Dr. Caroline Cameron pioneered the application of genome-wide-bioinformatics analyses to predict T. pallidum open reading frames (ORFs) encoding putative outer membrane proteins (OMPs) to identify adhesins that would interact with receptors among the host extracellular membrane components (14). The result of that study was the identification of the Tp0751 adhesin. Lithgow et al. showed that Tp0751-immunized animals had a significantly reduced T. pallidum organ burden upon infectious challenge compared with unimmunized animals (15). Although not unanimously accepted by the research community (16), Tp0751 remains a current vaccine candidate worthy of further exploration. Additional in silico OMP-mining work further contributed to defining the putative repertoire of T. pallidum surface-exposed integral membrane proteins (17), which today consists of 27 proteins—the current best candidates for syphilis vaccine development, which are made up of components of the BAM complex, Lpt complex, 9-stranded beta-barrels, FadL-like protein, components of the efflux systems, and T. pallidum repeat proteins (18).

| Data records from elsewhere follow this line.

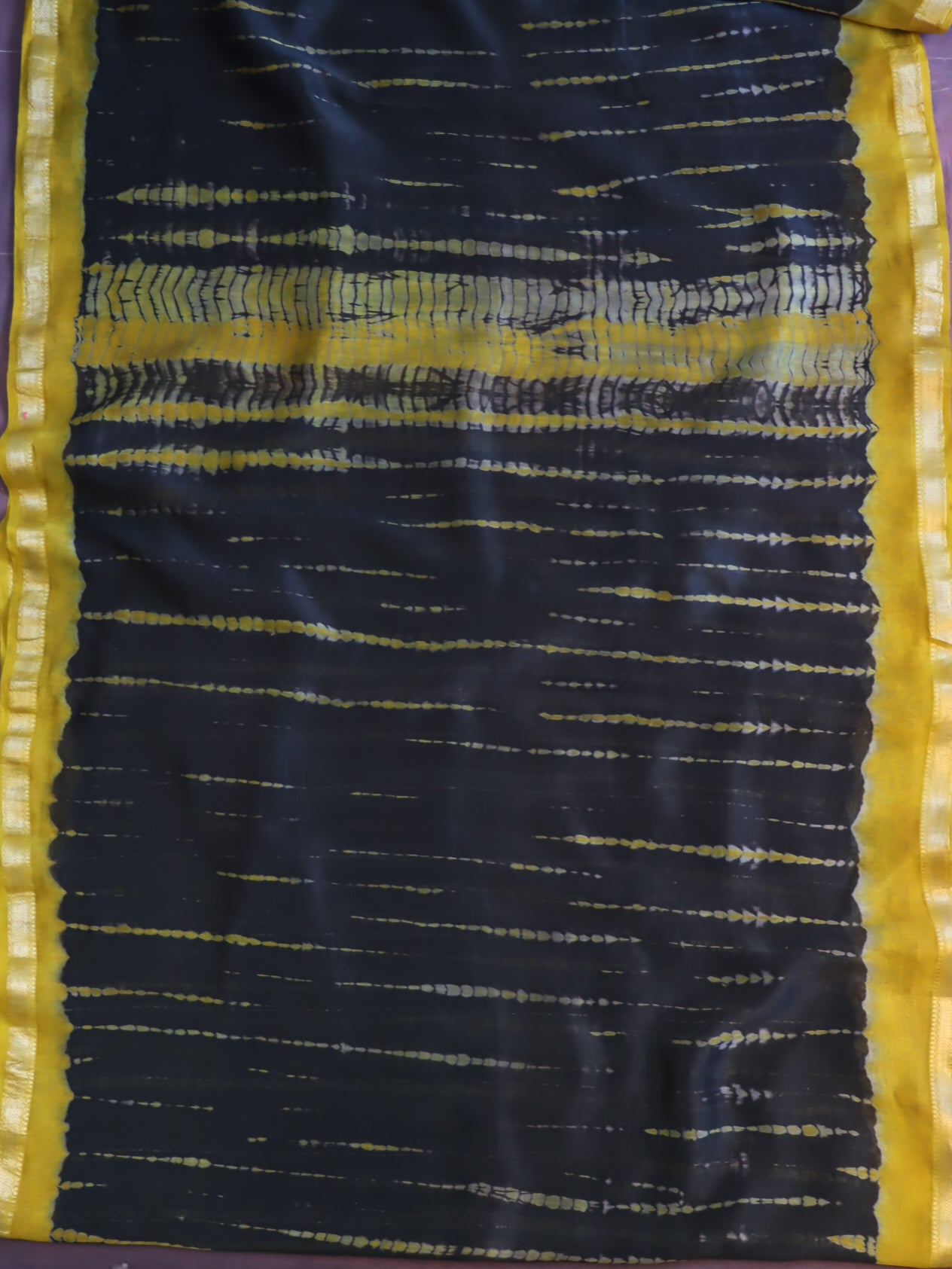 Handloom Maheshwari Silk Shibori Dye Saree-Black & Yellow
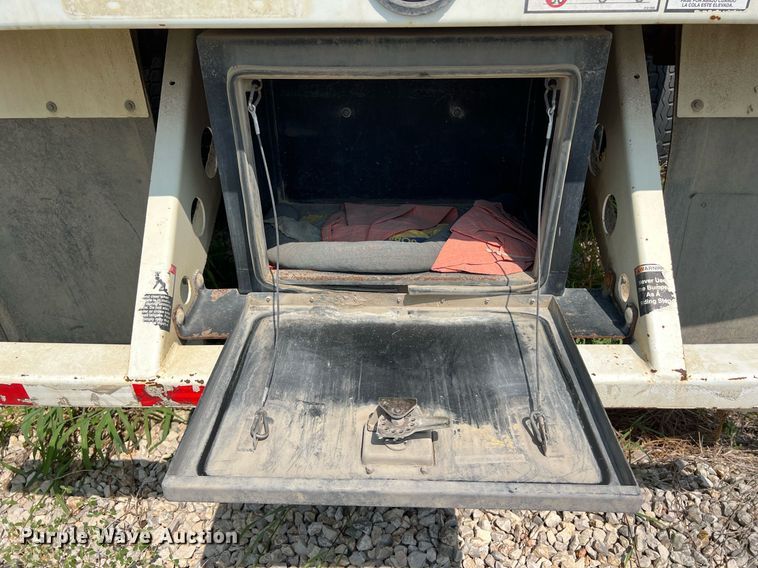 image for item EJ3003 2014 AutoCar Xpeditor  refuse truck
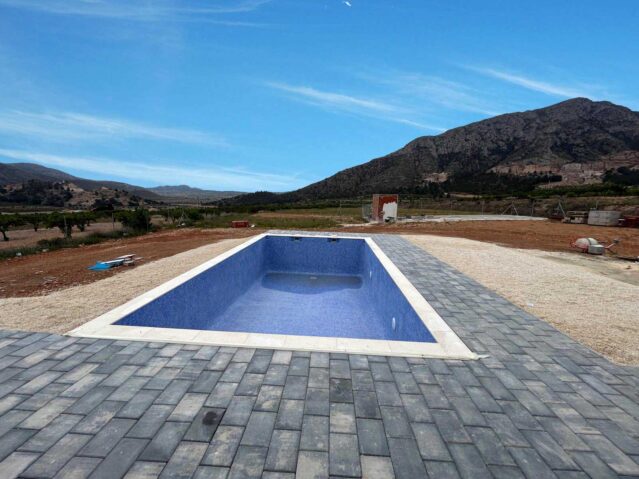 Image No.1-3 Bed Villa for sale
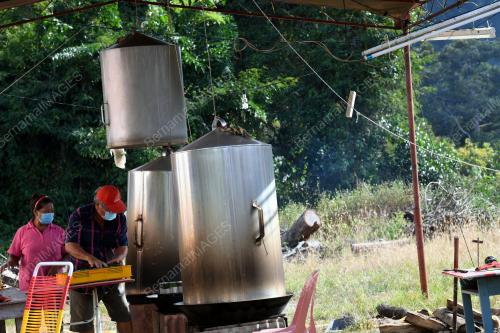 KUIH BAKUL WANG KELIAN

As complete and partial genomes from historical and modern isolates accumulated over the last two decades, it became increasingly clear that substantial genomic diversity was concentrated within the genes of T. pallidum encoding for surface-exposed proteins (19–21). This evidence has profound implications for developing a broadly protective vaccine and emphasizes the necessity to obtain high-quality, near-complete genomes that can be used to assess OMP variability. The sequence of several T. pallidum OMP-encoding genes has been notoriously challenging to elucidate through whole genome sequencing due to the presence of repetitive sequences. Several ongoing initiatives are addressing the necessity to obtain more T. pallidum genomes to refine vaccine development. Upon completing those efforts, the vaccine research community will benefit from a vast array of genomes, primarily obtained directly from patient samples and from many diverse geographical areas spanning all continents, including areas where syphilis is endemic.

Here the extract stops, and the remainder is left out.